Ich habe länger gerungen, bis ich mich für den Zölibat entschieden habe. Die Liebe zu einer Frau ist ja etwas ganz natürliches, und den Verzicht darauf kann ich nur leisten, wenn ich ihn als Gnade Gottes erlebe, weil er mich noch viel tiefer erfüllen kann.
Ich bin auch deswegen in einen Orden eingetreten, um die Bindung der Ganzhingabe tiefer leben zu können, aber auch um durch die Hilfe der Gemeinschaft gestärkt zu werden. In de Ordensgelübden geht es ja nicht nur um den Zölibat, sondern auch um das Gelübde der Armut und des Gehorsams, Ausdruck einer Hingabe um des Reiches Gottes willen, das allein einen Menschen ganz in den Dienst nehmen kann.

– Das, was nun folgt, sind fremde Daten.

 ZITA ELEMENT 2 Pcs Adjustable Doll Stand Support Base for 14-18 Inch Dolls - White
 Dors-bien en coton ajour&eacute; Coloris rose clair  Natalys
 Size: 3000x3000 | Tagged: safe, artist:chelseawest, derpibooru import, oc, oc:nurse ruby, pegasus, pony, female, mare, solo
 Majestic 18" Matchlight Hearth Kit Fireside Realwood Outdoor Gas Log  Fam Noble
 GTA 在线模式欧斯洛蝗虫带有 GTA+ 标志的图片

Es gibt Zeiten, wo ich auch die Einsamkeit stärker erfahre und andere, wo ich durch die Gemeinschaften mit Menschen, aber noch mehr mit Jesus Christus Liebe und Kraft geschenkt bekomme. Die Erfahrung der Einsamkeit, die ja letztlich jeder Mensch erfährt, - auch in der Ehe gibt es diese Erfahrungen. - ist für mich auch ein Ausdruck für die Nachfolge des gekreuzigten Jesus, der auch uns eingeladen hat, täglich sein Kreuz auf sich zu nehmen. Es ist dann auch ein Impuls, stärker aus der Kraft des Gebetes zu leben und aus dem Dienst am Nächsten.